| What needs to be done |
Below, find the line containing "Altido Torphichen Street" and the line containing "DKNY Shayla haircalf flats size 7.5 new"; reproduce exactly those two and every line between them, omitting pictures.

| Record set |
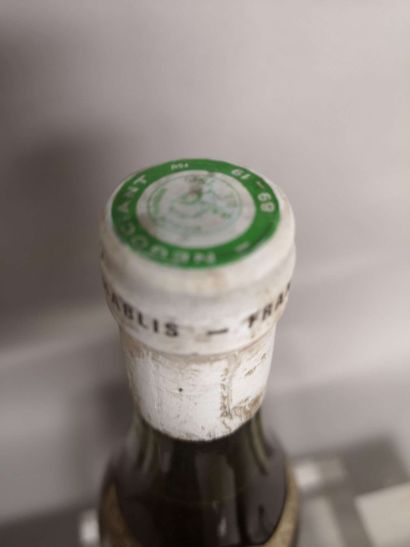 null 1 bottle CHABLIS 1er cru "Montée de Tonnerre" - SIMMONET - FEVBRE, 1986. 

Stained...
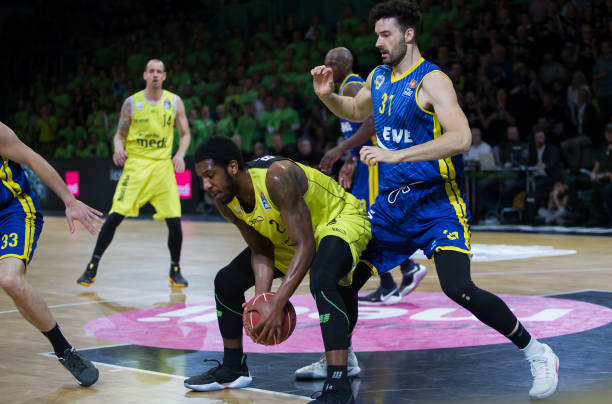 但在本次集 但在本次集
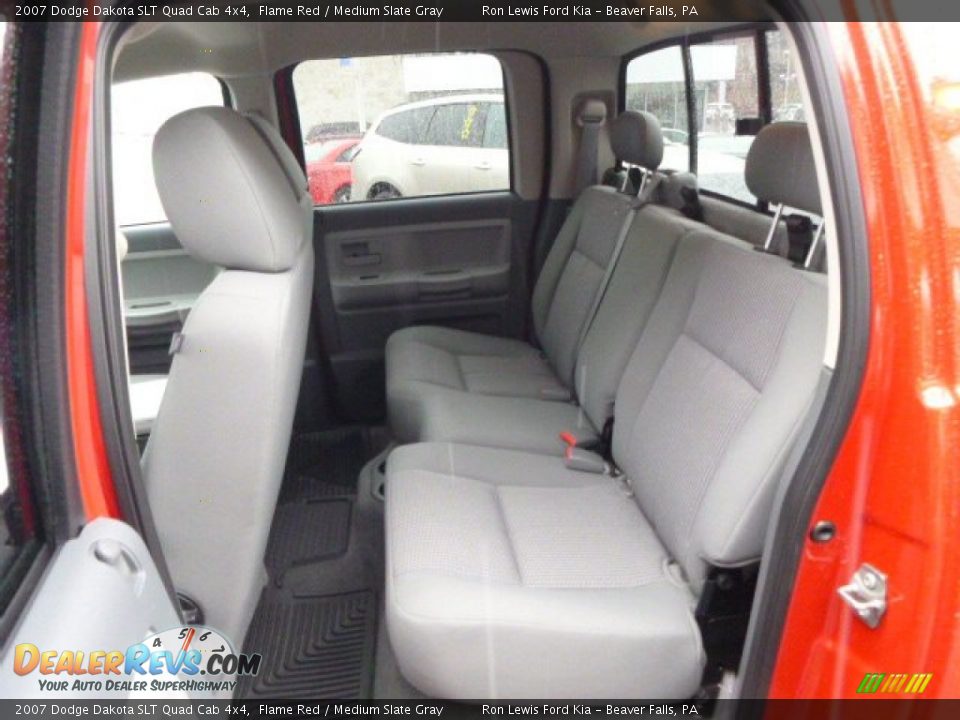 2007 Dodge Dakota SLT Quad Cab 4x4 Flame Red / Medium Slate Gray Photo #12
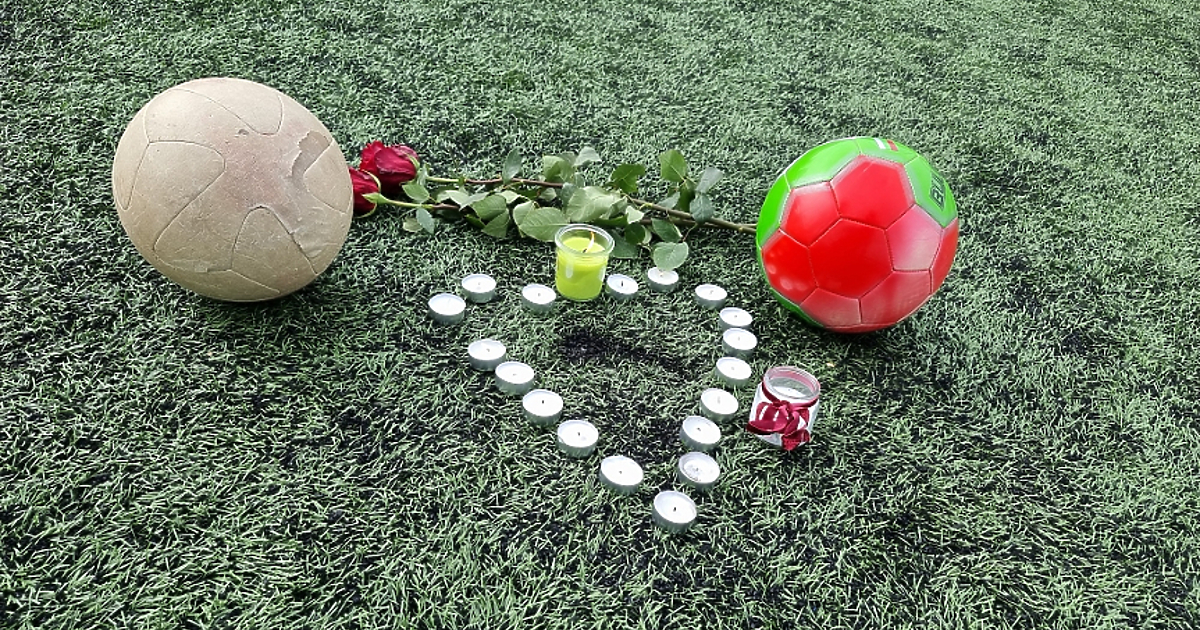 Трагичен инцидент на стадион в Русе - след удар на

* * *

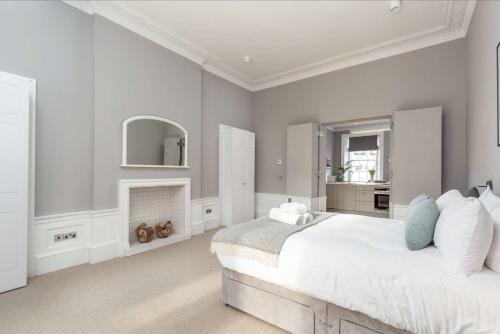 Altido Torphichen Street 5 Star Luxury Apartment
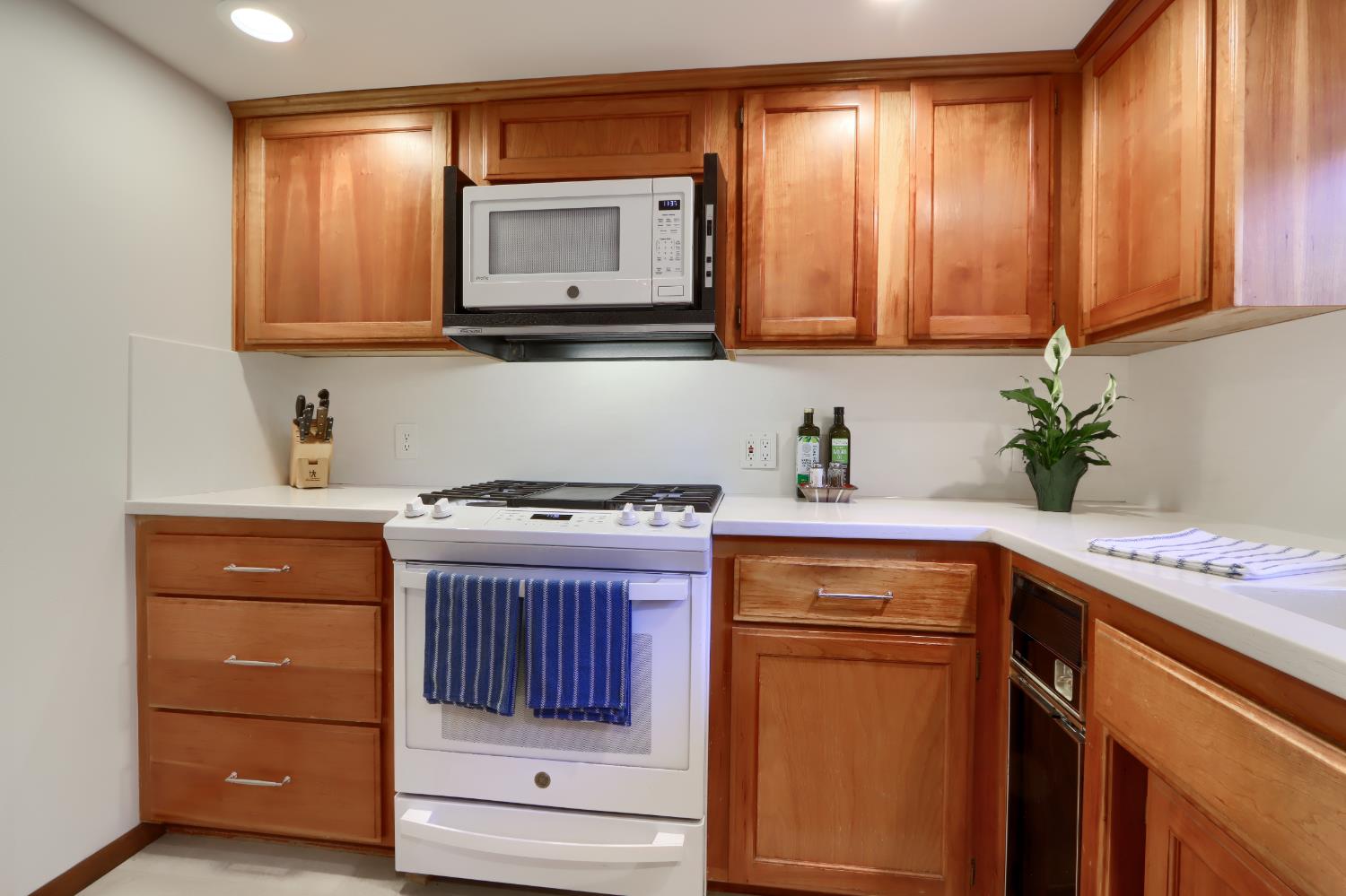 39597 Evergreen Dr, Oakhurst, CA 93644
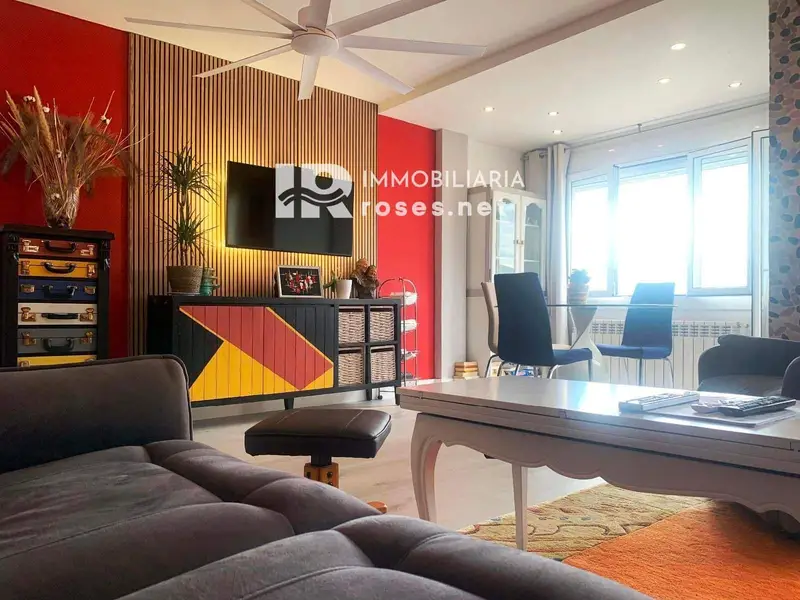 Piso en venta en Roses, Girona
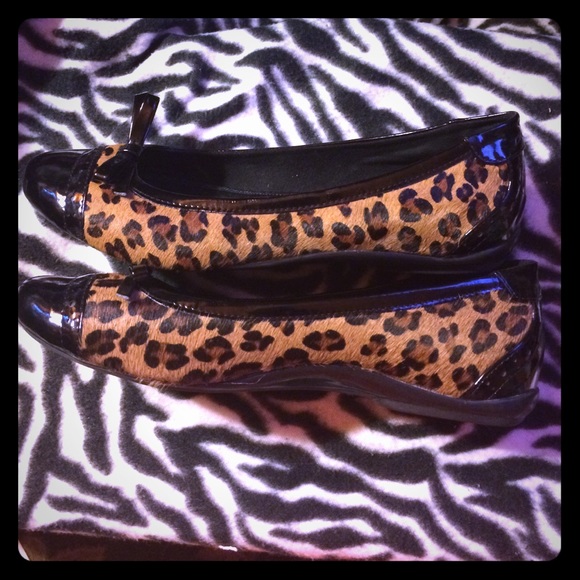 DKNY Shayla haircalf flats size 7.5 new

...

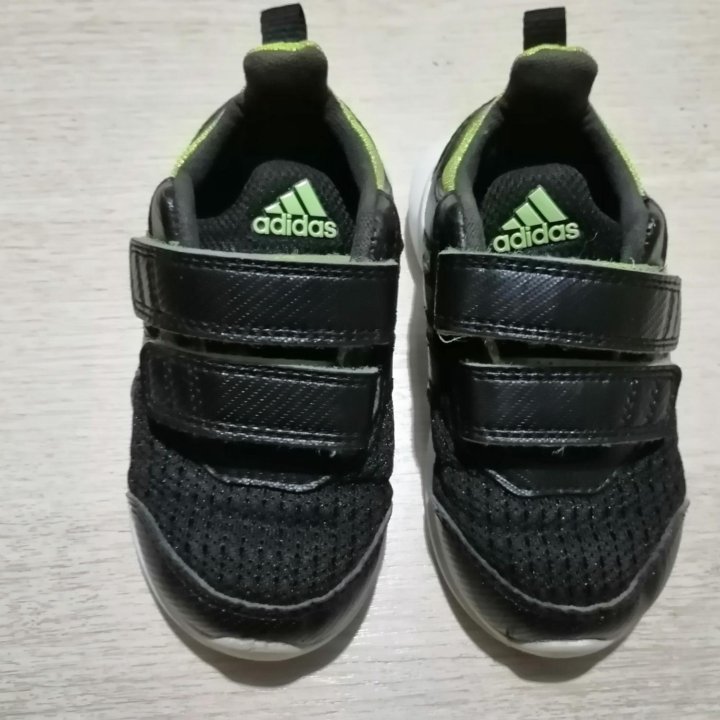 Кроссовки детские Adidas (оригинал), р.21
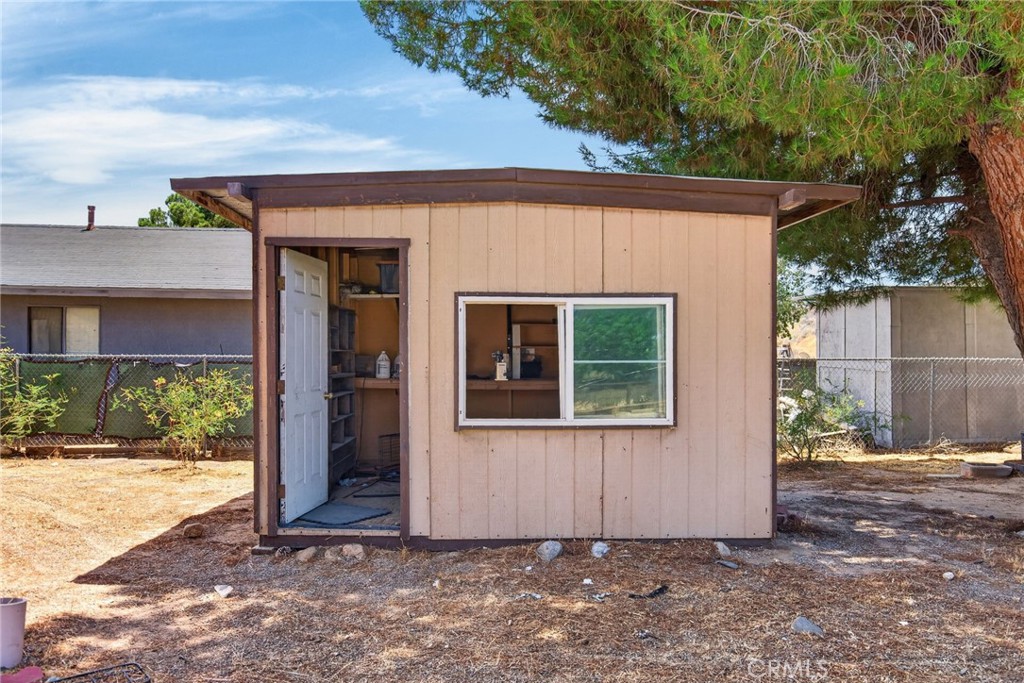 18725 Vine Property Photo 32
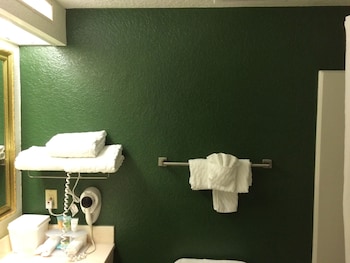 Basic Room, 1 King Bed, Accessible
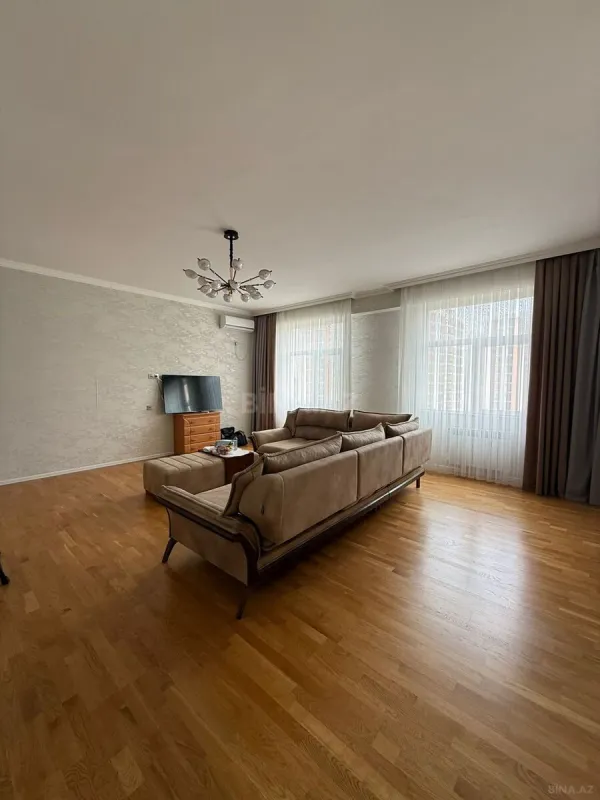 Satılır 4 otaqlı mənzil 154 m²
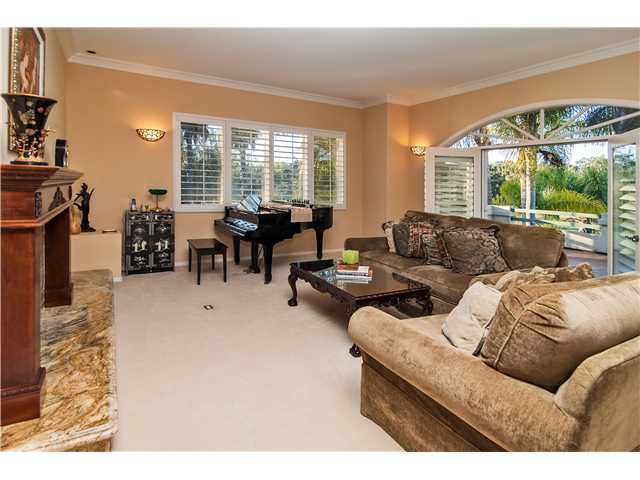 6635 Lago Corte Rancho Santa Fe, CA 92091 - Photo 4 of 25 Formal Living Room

| Exercise result |
 Altido Torphichen Street 5 Star Luxury Apartment
 39597 Evergreen Dr, Oakhurst, CA 93644
 Piso en venta en Roses, Girona
 DKNY Shayla haircalf flats size 7.5 new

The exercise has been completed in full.